*** Block opens ***

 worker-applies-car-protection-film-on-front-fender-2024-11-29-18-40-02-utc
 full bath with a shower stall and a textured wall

*** Block closes ***
*** Block opens ***

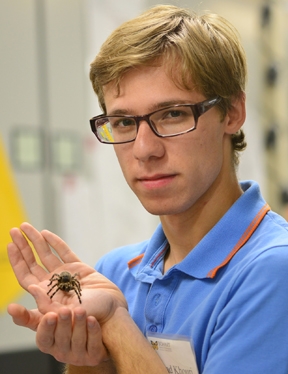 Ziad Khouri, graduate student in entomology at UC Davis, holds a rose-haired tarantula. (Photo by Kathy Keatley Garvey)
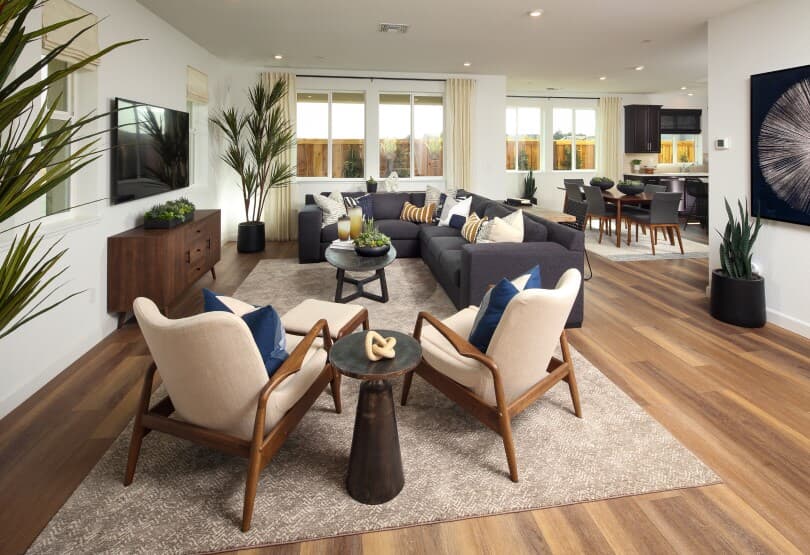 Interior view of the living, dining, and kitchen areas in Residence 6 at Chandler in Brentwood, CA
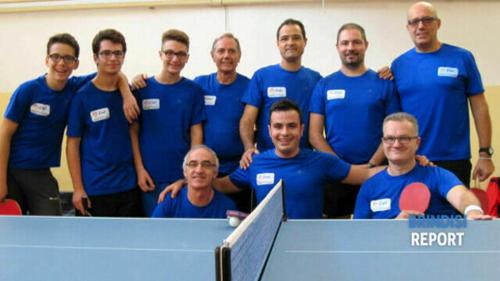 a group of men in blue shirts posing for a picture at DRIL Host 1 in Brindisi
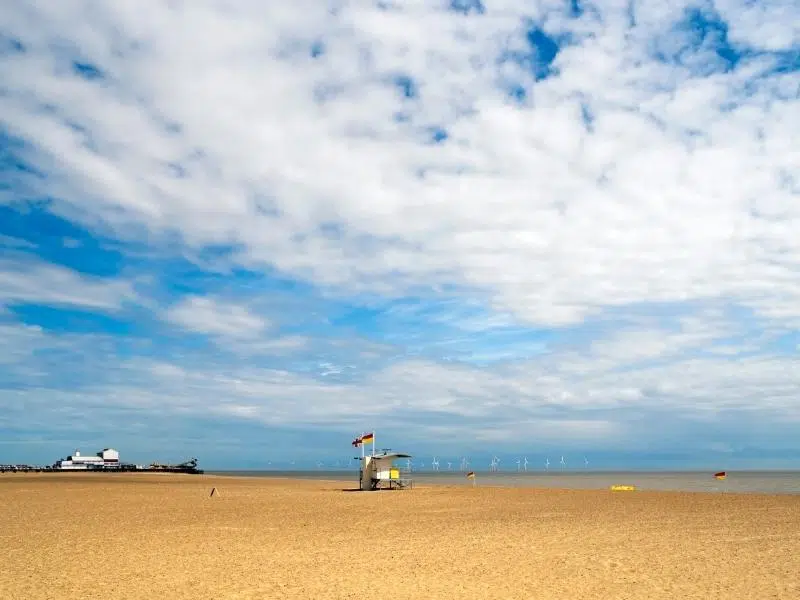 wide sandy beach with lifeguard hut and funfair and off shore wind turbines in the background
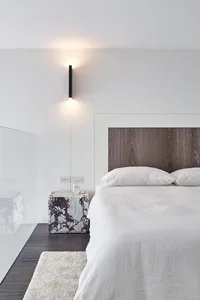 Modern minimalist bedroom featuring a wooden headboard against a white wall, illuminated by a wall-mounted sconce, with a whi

*** Block closes ***
*** Block opens ***

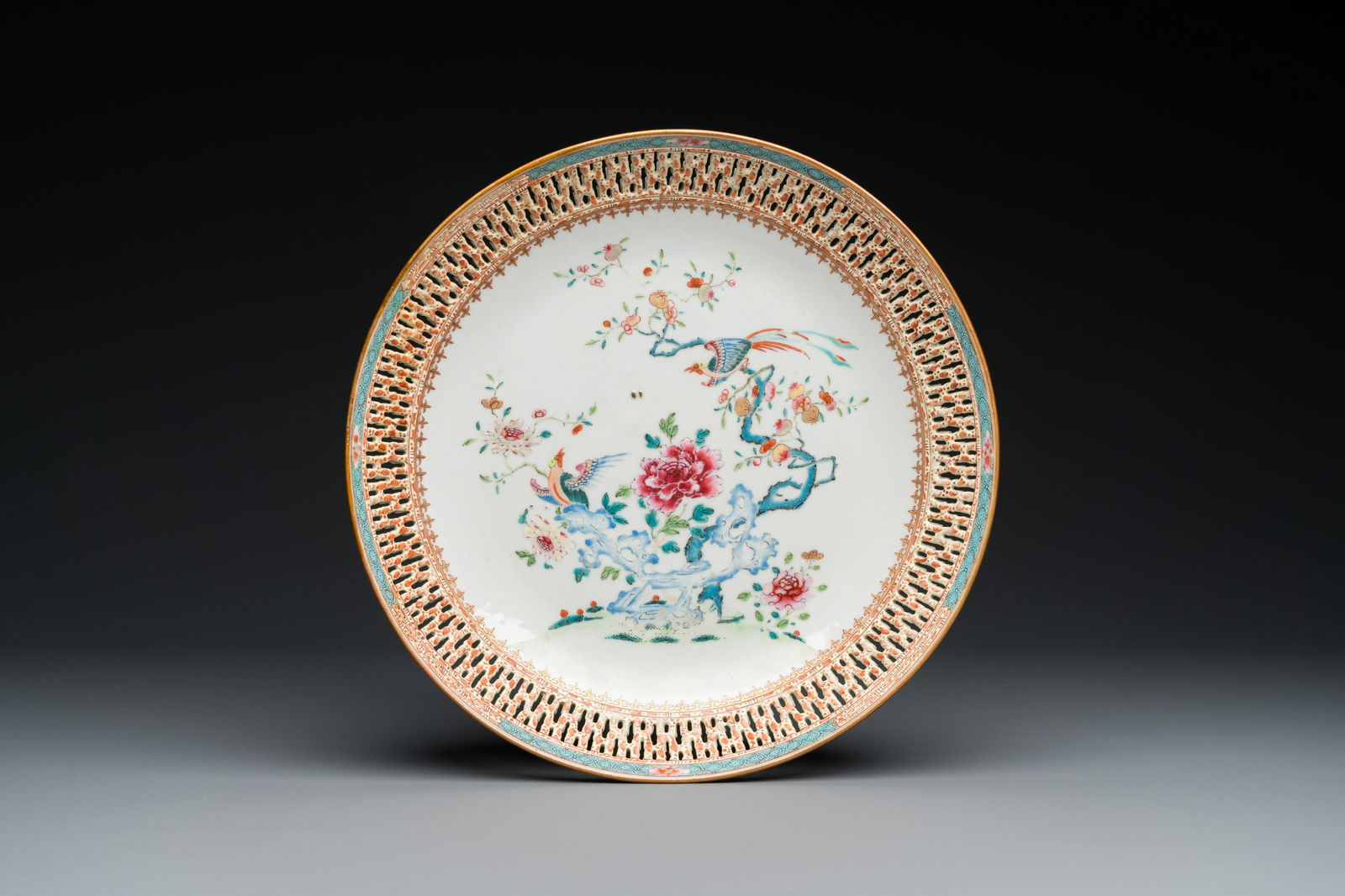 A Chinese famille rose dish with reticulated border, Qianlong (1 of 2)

*** Block closes ***

→ **TRY IT**
With pictures excluded, reproduce exactly the lines above from the one containing "wide sandy beach" down to the one containing "Modern minimalist bedroom", those two included.

→ **RESPONSE TO THE TASK**
 wide sandy beach with lifeguard hut and funfair and off shore wind turbines in the background
 Modern minimalist bedroom featuring a wooden headboard against a white wall, illuminated by a wall-mounted sconce, with a whi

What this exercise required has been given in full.